1. __Easy to understand and interpret:__ Decision trees are easy to understand and interpret, even for people with little or no knowledge of data science. The tree structure of the model makes it easy to visualize the decisions and the corresponding outcomes.

2. __Handles both categorical and numerical data:__ Decision trees can handle both categorical and numerical data, which makes them a versatile tool for data analysis.

3. __Able to handle large datasets:__ Decision trees can handle large datasets and are not affected by the curse of dimensionality, which occurs when the number of features in the dataset is much larger than the number of samples.

4. __Able to handle missing data:__ Decision trees can handle missing data by simply ignoring the missing values when making a split.

5. __Able to handle irrelevant features:__ Decision trees are robust to irrelevant features, which means that they can still make accurate predictions even if some of the features in the dataset are irrelevant to the outcome.

#### __Disadvantages of Decision Trees:__

1. __Overfitting:__ Decision trees are prone to overfitting, especially when the tree becomes too complex. Overfitting occurs when the tree memorizes the training data and is not able to generalize well to new data.

2. __Instability:__ Decision trees can be sensitive to small changes in the data, which can result in a completely different tree being generated. This makes the model less stable and less reliable.

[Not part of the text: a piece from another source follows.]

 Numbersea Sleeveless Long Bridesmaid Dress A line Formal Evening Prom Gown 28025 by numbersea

3. __Bias:__ Decision trees can be biased towards features with more levels or towards the classes that have more samples.

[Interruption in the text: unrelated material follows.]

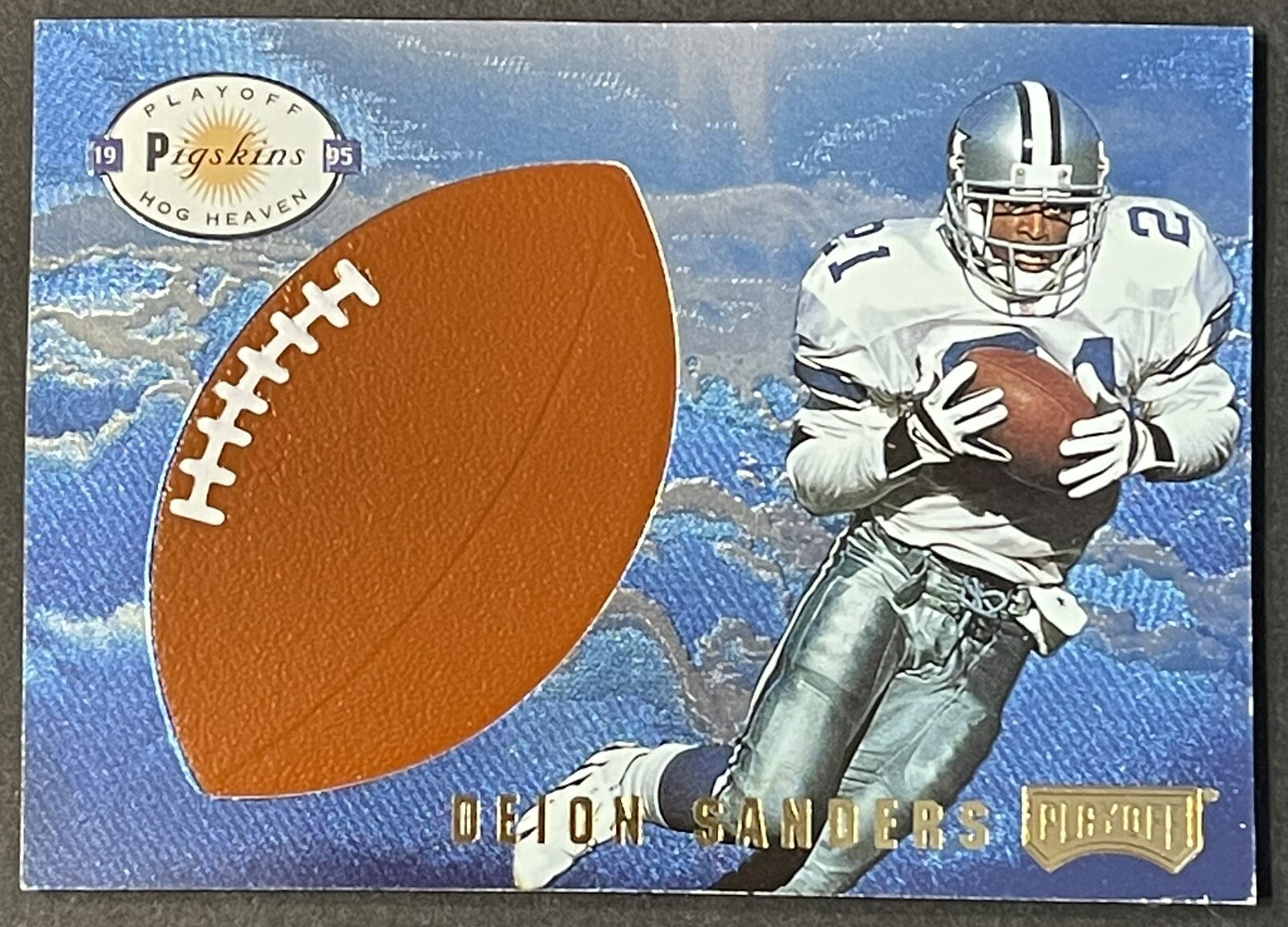 DEION SANDERS; 1995 PLAYOFF FOOTBALL HOG HEAVEN PIGSKINS INSERT CARD # HH23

4. __Not good for continuous variables:__ Decision trees are not good for continuous variables as they will require to be binned into discrete variables before using it in the tree.

5. __Computational cost:__ The computational cost of creating a decision tree increases with the size of the dataset, making it less suitable for real-time applications.

In general, decision tree is a powerful tool for data analysis and prediction, but it is important to be aware of its limitations and to use appropriate techniques to avoid overfitting, such as pruning or ensemble methods.